→ What to do: Every line from the line containing "063 • Acne collection • АСМР • Relax Spa" through the end of the data is to be reproduced exactly, excluding pictures.

(Pictures with short captions)
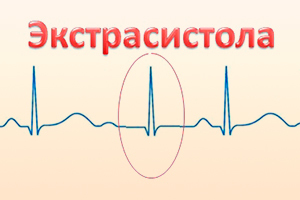 Экстрасистолы после рча - Все про гипертонию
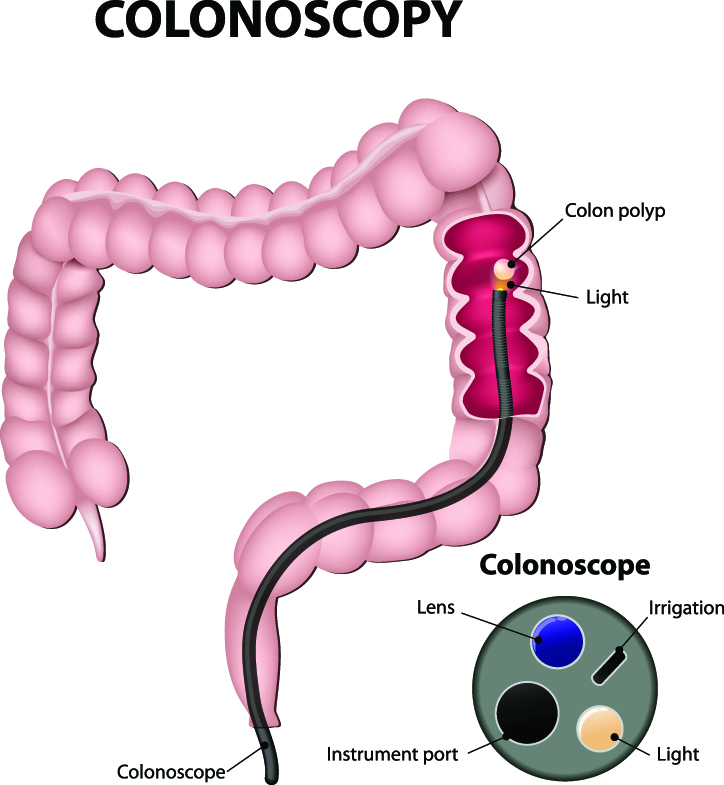 What Can Be Found During a Colonoscopy?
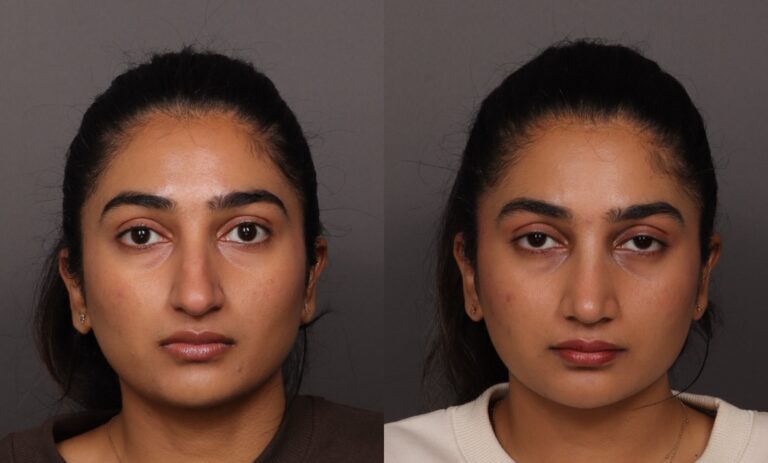 Before Image: Rhinoplasty - front
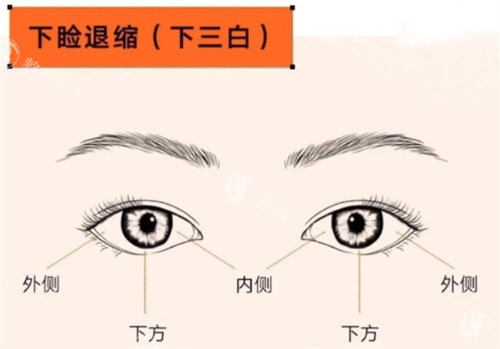 北京美憬整形外科怎么样？眼修复＋鼻修复＋小切口拉皮术例展示与价格详情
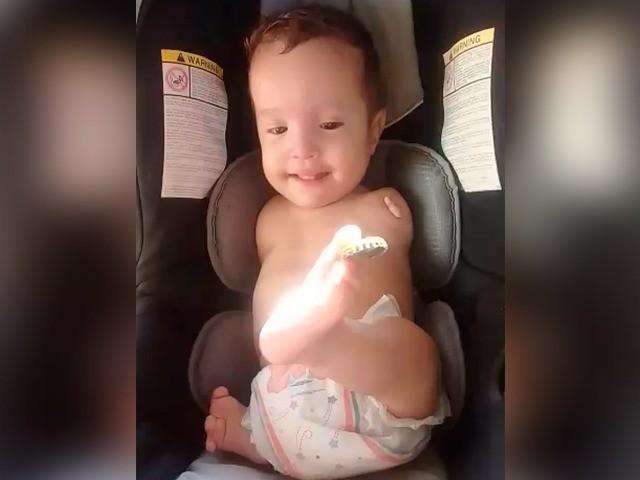 Com s&iacute;ndrome rara, beb&ecirc; precisa de apoio para custear medicamentos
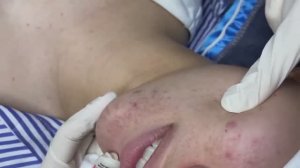 063 • Acne collection • АСМР • Relax Spa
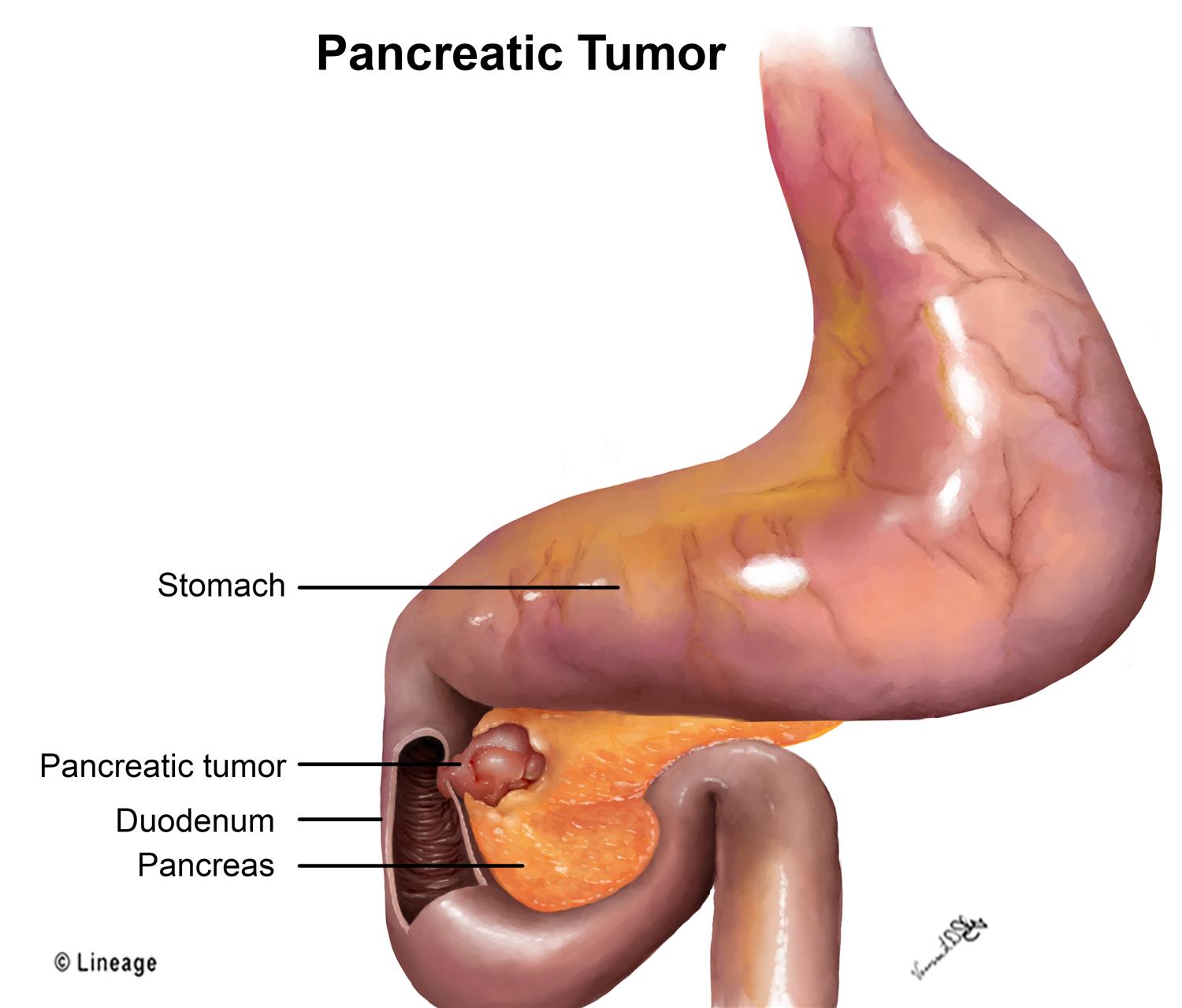 Pancreatic cancer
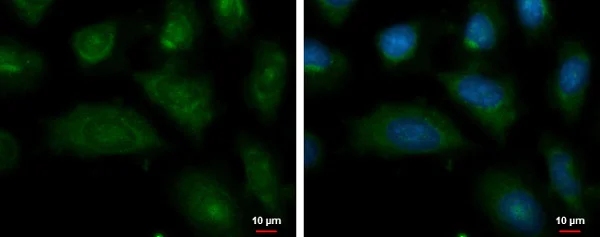 Immunocytochemistry/ Immunofluorescence - Anti-ENPP2/ATX antibody (AB227306)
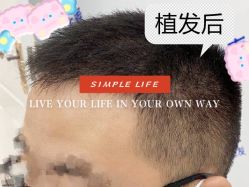 -大麦微针植发全国连锁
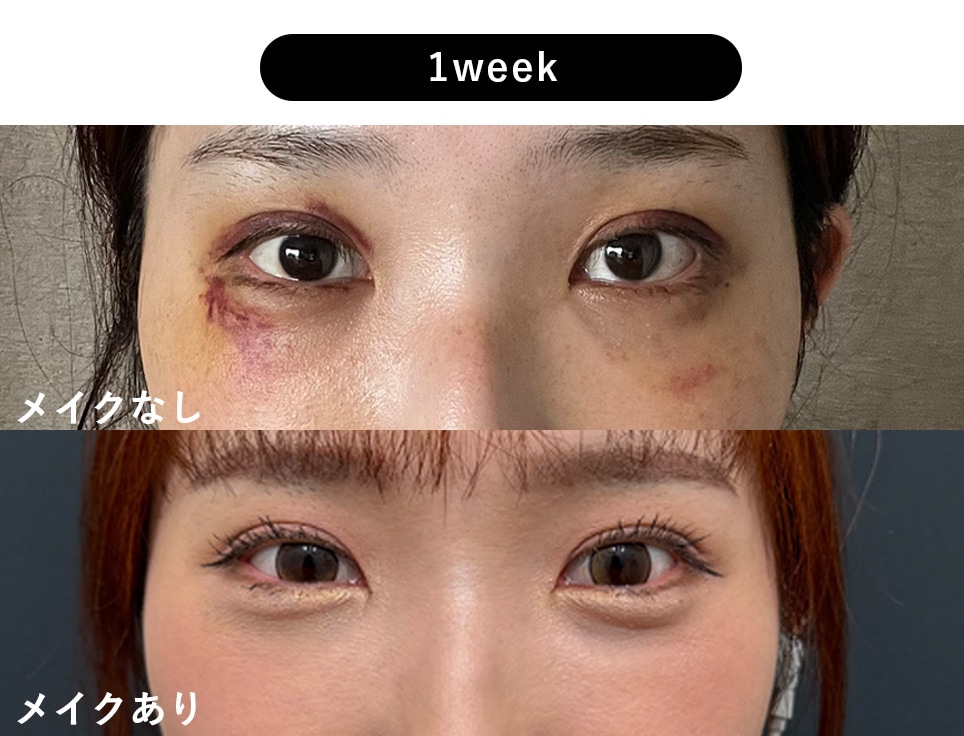 1week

→ Solution to this exercise:
 063 • Acne collection • АСМР • Relax Spa
 Pancreatic cancer
 Immunocytochemistry/ Immunofluorescence - Anti-ENPP2/ATX antibody (AB227306)
 -大麦微针植发全国连锁
 1week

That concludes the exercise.